(WORK TO COMPLETE) Set each record down exactly, excluding all images.

(DATA FOR ANALYSIS)
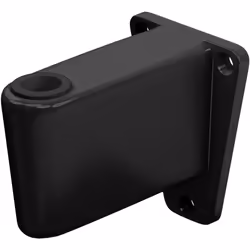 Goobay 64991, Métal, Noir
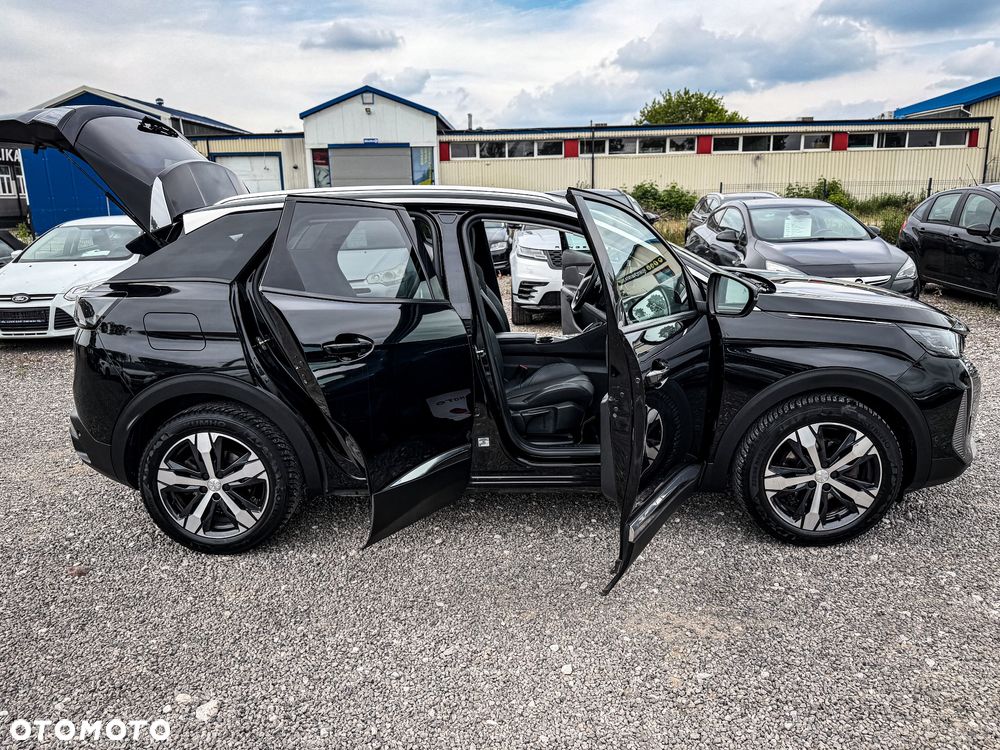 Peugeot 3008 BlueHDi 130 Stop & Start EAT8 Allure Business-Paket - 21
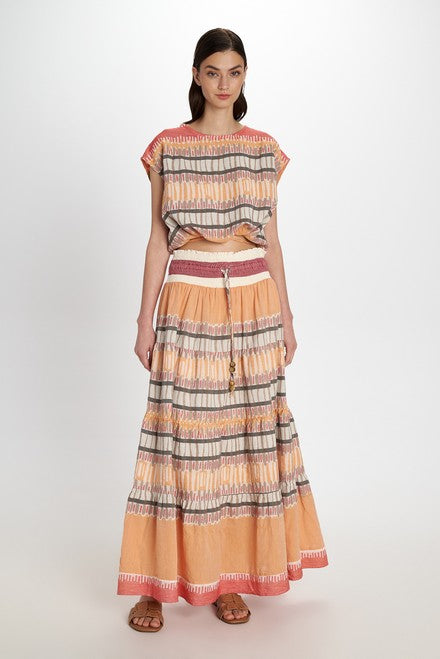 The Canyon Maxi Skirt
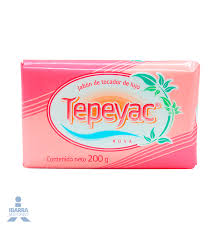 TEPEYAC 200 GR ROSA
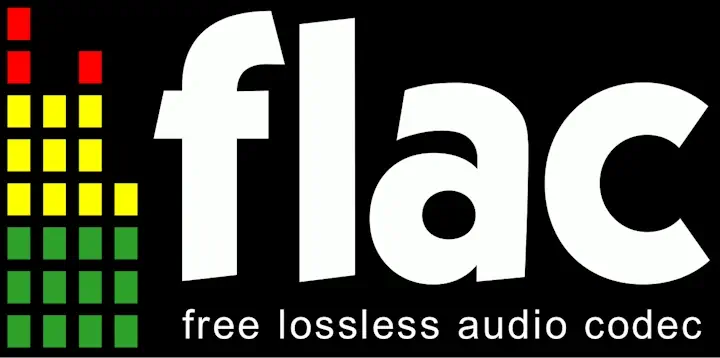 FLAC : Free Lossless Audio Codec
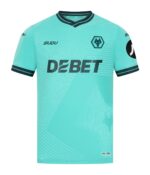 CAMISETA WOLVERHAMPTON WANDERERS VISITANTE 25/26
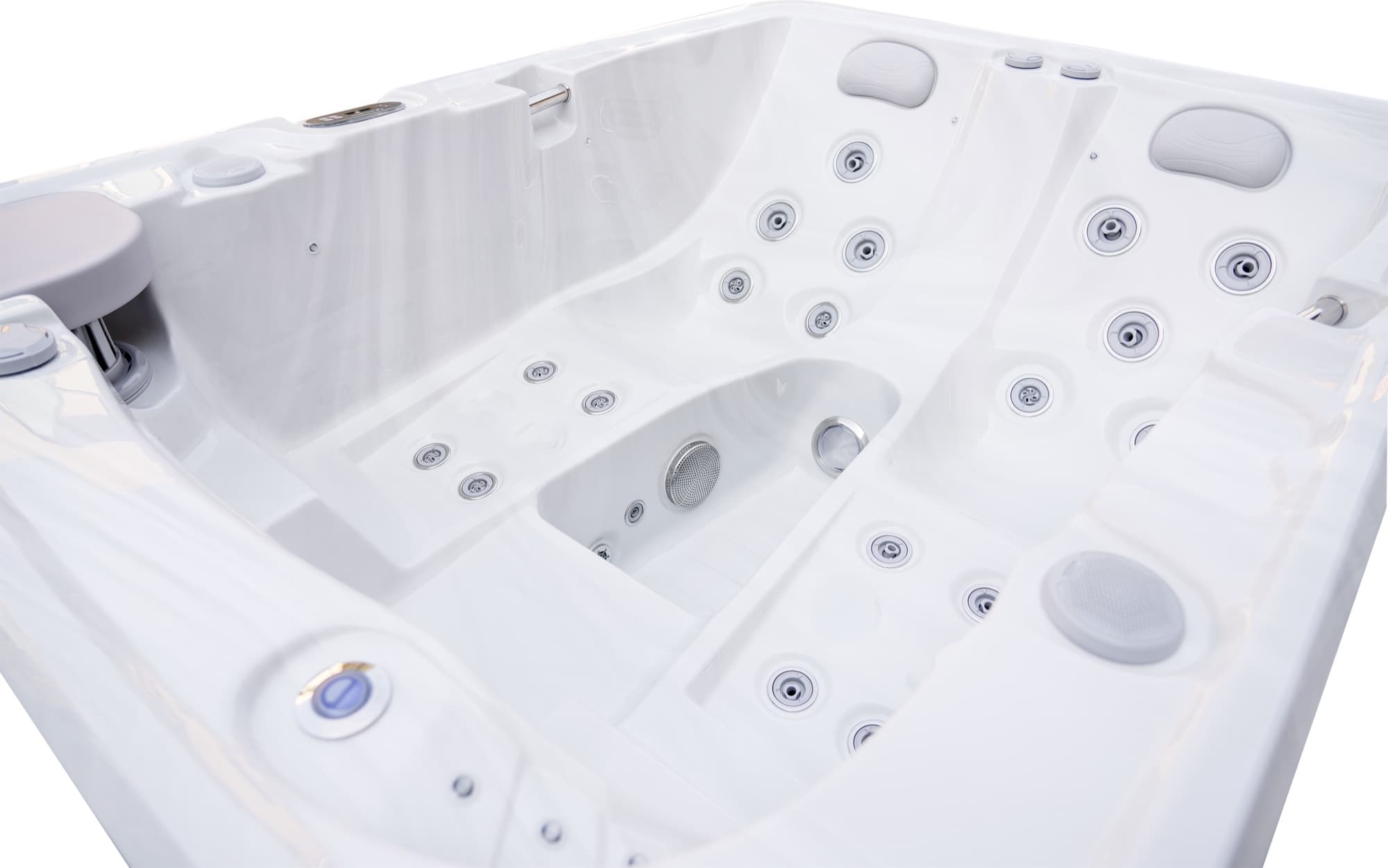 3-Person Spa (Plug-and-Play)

(OUTPUT)
 Goobay 64991, Métal, Noir
 Peugeot 3008 BlueHDi 130 Stop & Start EAT8 Allure Business-Paket - 21
 The Canyon Maxi Skirt
 TEPEYAC 200 GR ROSA
 FLAC : Free Lossless Audio Codec
 CAMISETA WOLVERHAMPTON WANDERERS VISITANTE 25/26
 3-Person Spa (Plug-and-Play)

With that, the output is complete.